Attempt 1 -- height_span (nose-to-ankle ratio) Works upright but fails when ankles are not visible (sitting, crouching). Defaults to child classification, triggering false alerts on parent. Calibrated value: height_span mean=0.5999, std=0.0429

Attempt 2 -- head/shoulder width ratio Ankles-independent, but fails when parent is side-on to camera. Shoulder width collapses in top-down projection, misclassifying adult as toddler.

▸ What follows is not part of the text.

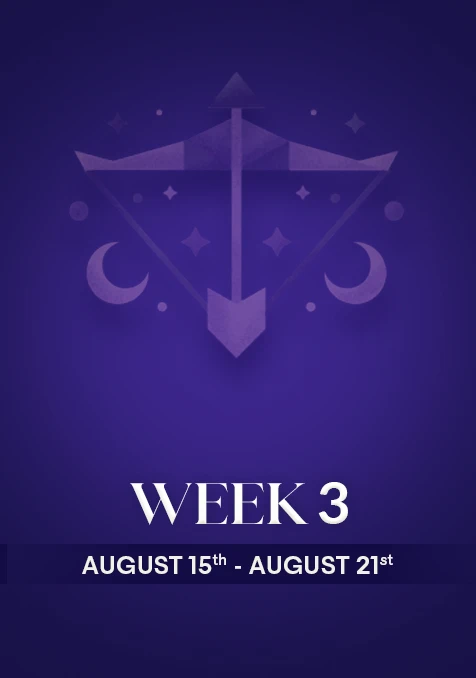 Sagittarius | Week 3 | Aug 15th - Aug 21st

Attempt 3 -- Bounding box area (current) Orientation-invariant for a fixed overhead camera. An adult body always occupies more 2D frame area than a toddler regardless of pose or facing direction. Uses bounding box of 11 upper-body keypoints (nose, shoulders, elbows, wrists, hips, knees).

Validated Thresholds

Subject / Pose	bbox Area	Classification
Adult standing / moving	0.087 - 0.189	adult=True
Adult sitting, side-on	0.063 - 0.074	adult=True
Adult crouching low	0.021 - 0.055	adult=True (~90% accuracy)
Toddler (20 months) standing	< 0.020	child=True (100%)
Toddler crawling	< 0.020	child=True (100%)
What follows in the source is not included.